Developments of a semiempirical dynamic stall model for unsteady airfoils

Abstract: A new semiempirical dynamic stall model is presented to predict the aerodynamic coefficients of an airfoil in unsteady conditions. The model is mainly based on two modifications on the airfoil angle of attack which introduce an equivalent angle of attack to implement in the proposed aerodynamic coefficients. The first modification includes unsteady wake effects of the airfoil in the proposed model which are not considered in most of the semiempirical models. Hence, an effective angle of attack is introduced based on an unsteady aerodynamic theory using the Wagner function for pitching and plunging oscillations of the airfoil. The second modification takes into account time delay effects and dynamic effects due to the flow separation on the airfoil.
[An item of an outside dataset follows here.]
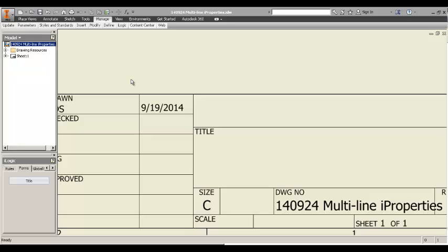A colleague asked me the other day if we can have multi-line properties because he was looking to control how the text will appear in a title block. So, for example,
These effects are included in the model by developing a semiempirical relationship between static and dynamic angle of attack published in the literature. Finally, the modifications form the equivalent angle of attack to implement in a set of equations based on Kirchhoff flow theory. The proposed approach dynamically approximates trailing edge separation point on the airfoil by a completely new way and contributes its effects in the aerodynamic coefficients. Moreover, apparent mass effects and the airfoil leading edge vortex contributions are sufficiently included in the model. The presented method effectively predicts unsteady lift and pitching moment coefficients of the airfoil undergoing stall conditions. Consequently, the proposed model is verified against experimental data under various test cases where obtained numerical results are in good agreement with the test data. Furthermore, the performance of the proposed model is compared with various dynamic stall models including Leishman–Beddoes model, ONERA model and Boeing–Vertol model. The comparison shows that the proposed model minimizes the number of the semiempirical parameters determined from an experiment in dynamic stall modeling compared with Leishman–Beddoes model and ONERA model. It also demonstrates that the presented model performs as well as other well-known models using the various approaches.